Si le premier film était une déception, cette suite est un effondrement, un exercice sans âme qui méconnaît son propre objectif. On ne peut qu'espérer que Les Intrus – Chapitre 3 (The Strangers – Chapter 3)mettra un terme, non pas à l'histoire, mais à cette chute libre créative. Pour l'instant, notre verdict est clair : Les Intrus – Chapitre 2 (The Strangers – Chapter 2)est le pire film de l’année 2025 non seulement parce que c'est un mauvais film, mais aussi parce qu'il prouve que même les grands réalisateurs peuvent perdre de vue ce qui a fait leur grandeur.

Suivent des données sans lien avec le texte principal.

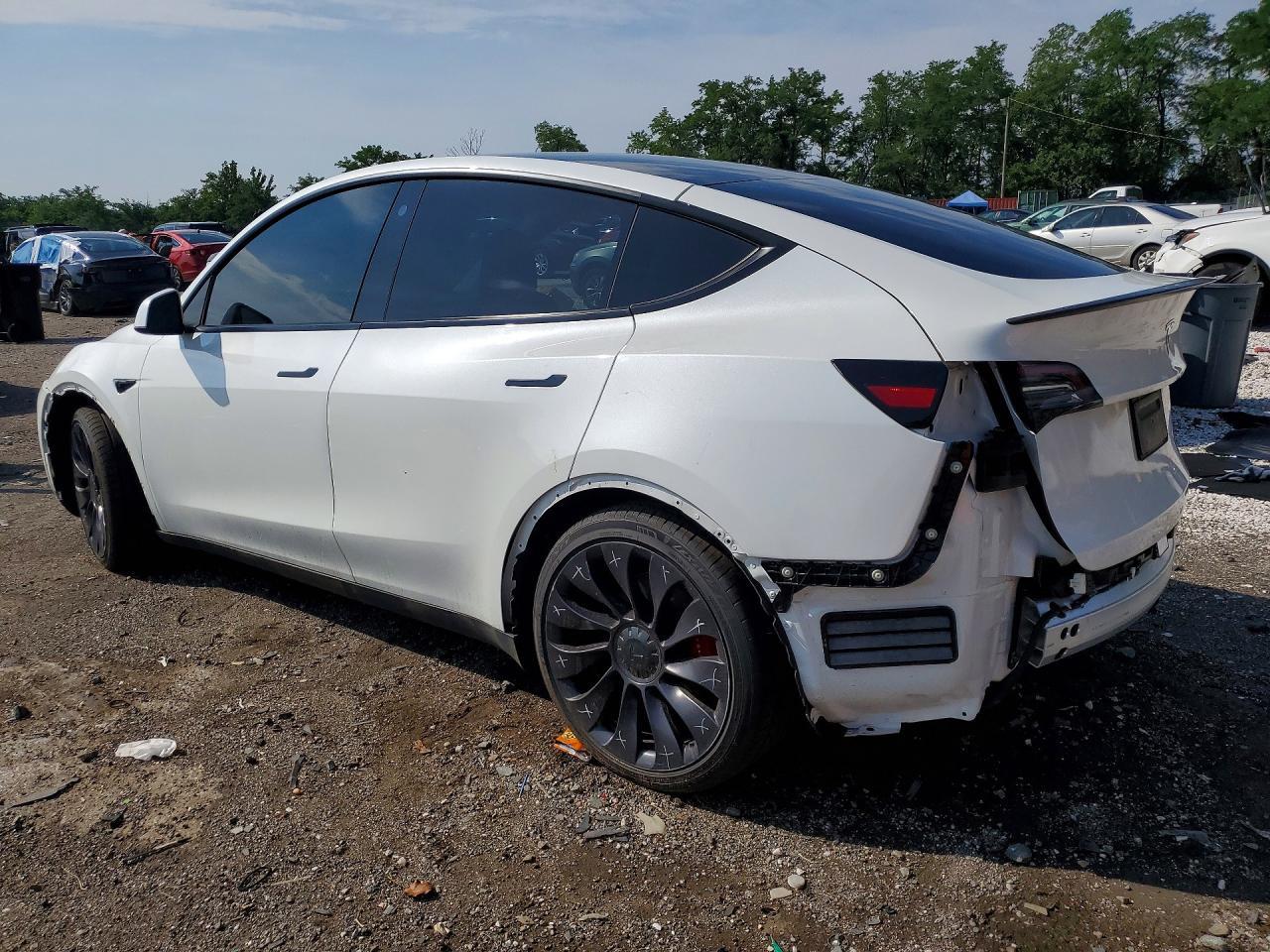 2021 Tesla Model Y - Image 2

Les Intrus – Chapitre 2 (The Strangers – Chapter 2)
Réalisé par Renny Harlin
Écrit par Alan R. Cohen, Alan Freedland
Basé sur les personnages de Bryan Bertino
Produit par Courtney Solomon, Mark Canton, Christopher Milburn, Gary Raskin, Alastair Burlingham, Charlie Dombek
Avec Madelaine Petsch, Gabriel Basso, Froy Gutierrez, Ema Horvath, Ella Bruccoleri
Directeur de la photographie : José David Montero
Montage : Michelle Harrison
Musique : Justin Burnett, Òscar Senén
Sociétés de production : Lionsgate Films, Fifth Element Productions
Distribution : Lionsgate Films (États-Unis), Metropolitan filmExport (France)

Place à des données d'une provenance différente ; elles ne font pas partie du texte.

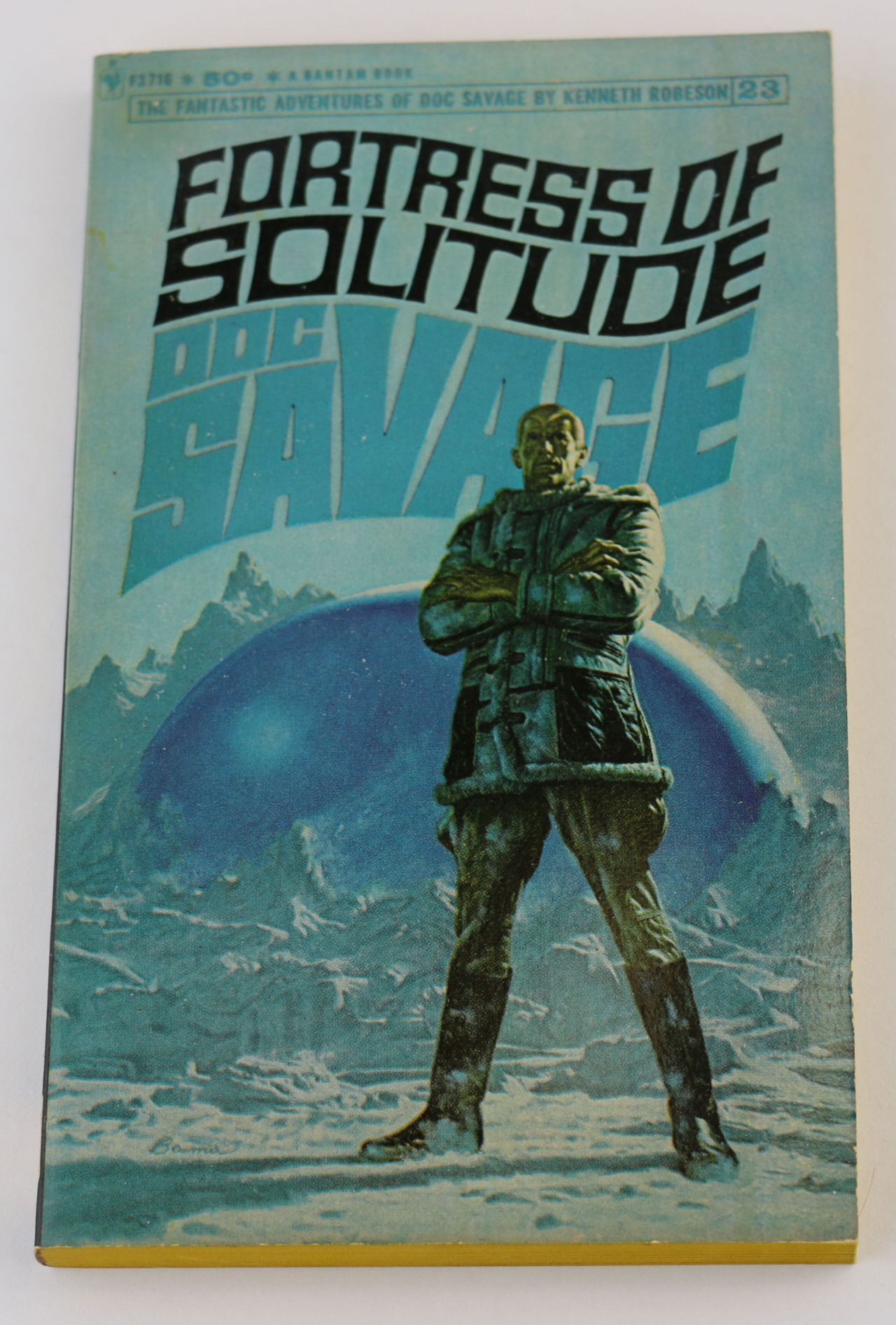 hevelincollection:  Here are some paperbacks from the iconic Bantam Books edition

Dates de sortie : 16 septembre 2025 (Hollywood), 26 septembre 2025 (États-Unis), 29 octobre 2025 (France)
Durée : 98 minutes
Vu le 14 octobre 2025 (VOD)
On remerciera sincèrement l’agence Déjà, qui nous a finalement épargné deux heures de transport — et sans doute une lente hémorragie de patience — pour assister à l’agonie d’un genre qu’on aime tant. Les influenceurs, eux, semblent avoir trouvé dans ce désastre leur nouveau plaisir coupable, attendant la suite avec l’enthousiasme d’un croque-mort à l’ouverture d’un cercueil flambant neuf. Quant aux véritables amateurs de thrillers horrifiques, mieux vaut éviter cette séance de spiritisme ratée : on y invoque tout sauf le frisson.